Tuesday, June 28, 2016

A Call to be Salt of the Earth

Not only those in leadership positions in the Church but those who trust the  Church are  concerned with what is happening: seen by some as  a crisis within the Church. A  seminary professor in his column in the Catholic Times gives his readers a reason to be concerned for the privatization and individualization of our faith life.
Rate of the increase of believers continues to decrease.  Increase in the second half of the 1980s was a unique event but to explain the decrease is not easily done. Consequently, the number of those attending Mass on Sundays is noticeably not increasing. There is little difference in the numbers that were attending Mass 10 years ago and today.

Those willing to serve in the different organizations are difficult to find. Convents and seminaries have dropped in the number of vocations. Activity of the young within the church is not what it was, and we  have a  change to an aged  European-like church. Even among the devout, many are not following the teachings. The numbers going to confession have dropped. Members of the Legion of Mary who are visiting the sick, and the poor have decreased. Sacrifice and detachment among the members are not easily found. Human nature wants to avoid the difficult, but love, and our faith should overcome this tendency, but we don't easily see it, although he knows it exists.
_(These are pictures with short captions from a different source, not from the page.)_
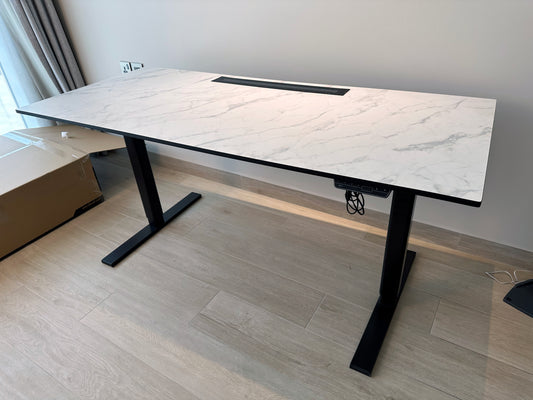 Standing desk - 1600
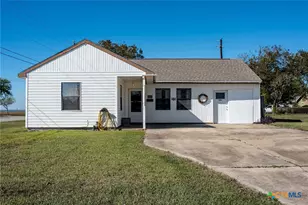 101 Lubbock St, Point Comfort, TX 77978 - Photo 2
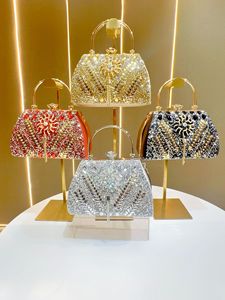 <span class=keywords><strong>Borsa</strong></span> da Sera di Lusso in Cristallo, Grande Capacità, con Strass e Nappa, Catena Staccabile, per Matrimoni e Feste, Elegante <span class=keywords><strong>Borsa</strong></span> Formale da Donna - Product Image 3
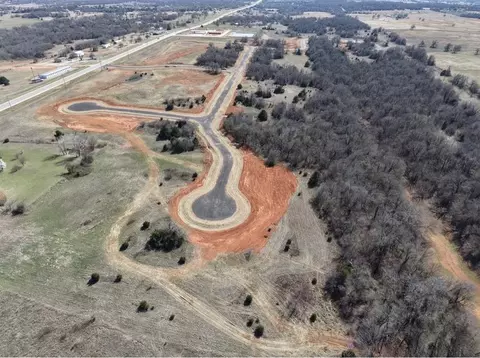 24735 Iron Hoof Ln, Blanchard, OK 73031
Many are attending prayer meetings, but individualistic religious life is not abandoned. Pope Francis calls this:"a spiritual consumerism tailored to one’s own unhealthy individualism."  

"Many try to escape from others and take refuge in the comfort of their privacy or in a small circle of close friends, renouncing the realism of the social aspect of the Gospel. For just as some people want a purely spiritual Christ, without flesh and without the cross, they also want their interpersonal relationships provided by sophisticated equipment, by screens and systems, which can be turned on and off on command. Meanwhile, the Gospel tells us constantly to run the risk of a face-to-face encounter with others, with their physical presence which challenges us, with their pain and their pleas, with their joy, which infects us in our close and continuous interaction. True faith in the incarnate Son of God is inseparable from self-giving, from membership in the community, from service, from reconciliation with others. The Son of God, by becoming flesh, summoned us to the revolution of tenderness" (Joy of the Gospel #88).

Development in individualistic spirituality within the church may seem a spiritual maturity, but the professor sees this as a serious corruption and a great danger. We as Christians and as Church are to be the salt of the earth. We need to  continually purify our vision and desires. We are in need of reform and renewal, our answer to the call of the Gospel to be salt of the earth.